(Stored records)

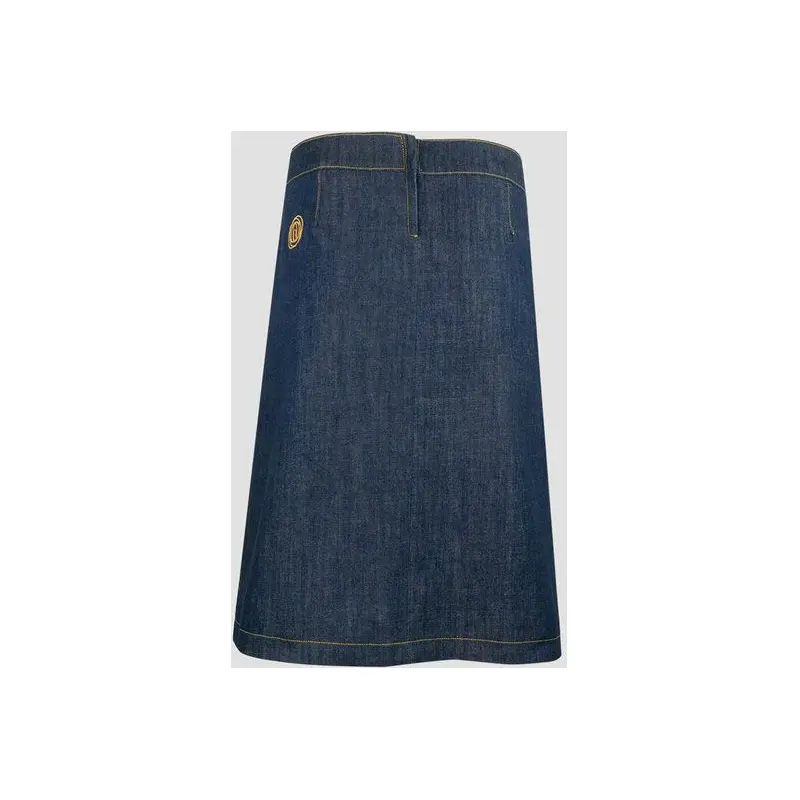 bellaLEYK Rock Multitudes in A-Form mit geschwungenen Teilungsnähten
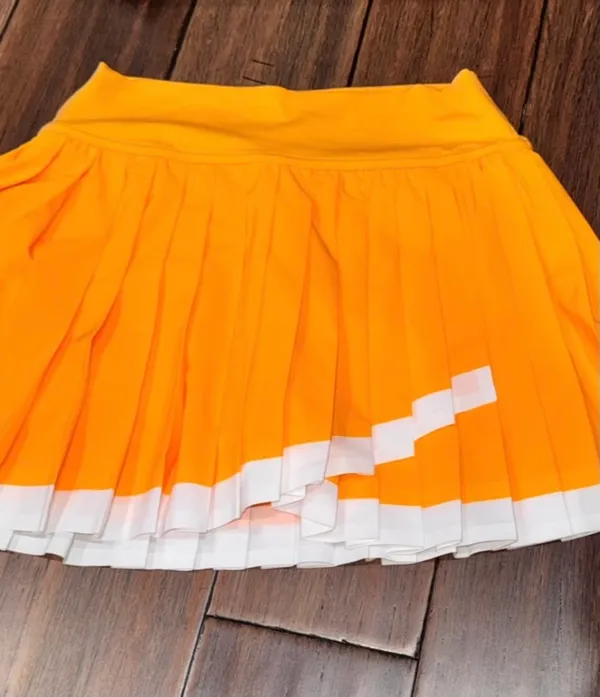 Offline by Aerie Tiebreaker Pleated Skort - Image 2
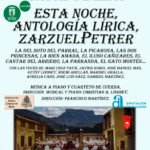 2026-05-03 - Agrupación Lírica Ciudad de Elda - Esta noche, Antología lírica, ZarzuelPetrer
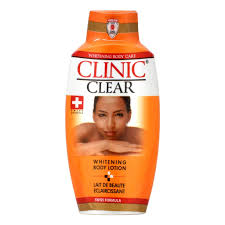 Clinic Clear Lotion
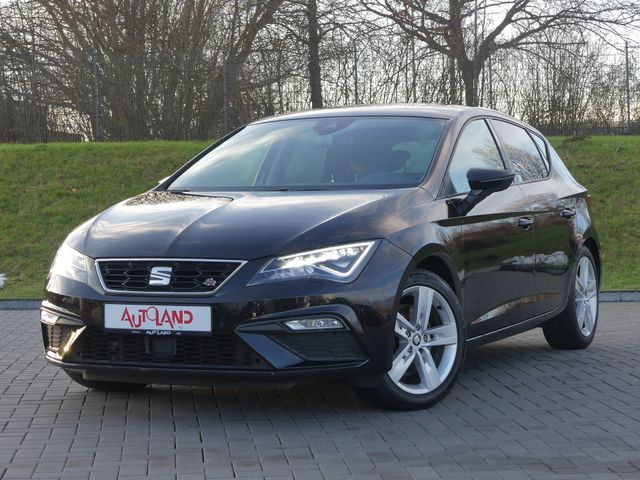 Seat Leon 2.0 TSI FR LED Navi ACC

- **ACTION ITEM**
Pictures aside, retype all of the entries word for word.

- **EXERCISE SOLUTION**
 bellaLEYK Rock Multitudes in A-Form mit geschwungenen Teilungsnähten
 Offline by Aerie Tiebreaker Pleated Skort - Image 2
 2026-05-03 - Agrupación Lírica Ciudad de Elda - Esta noche, Antología lírica, ZarzuelPetrer
 Clinic Clear Lotion
 Seat Leon 2.0 TSI FR LED Navi ACC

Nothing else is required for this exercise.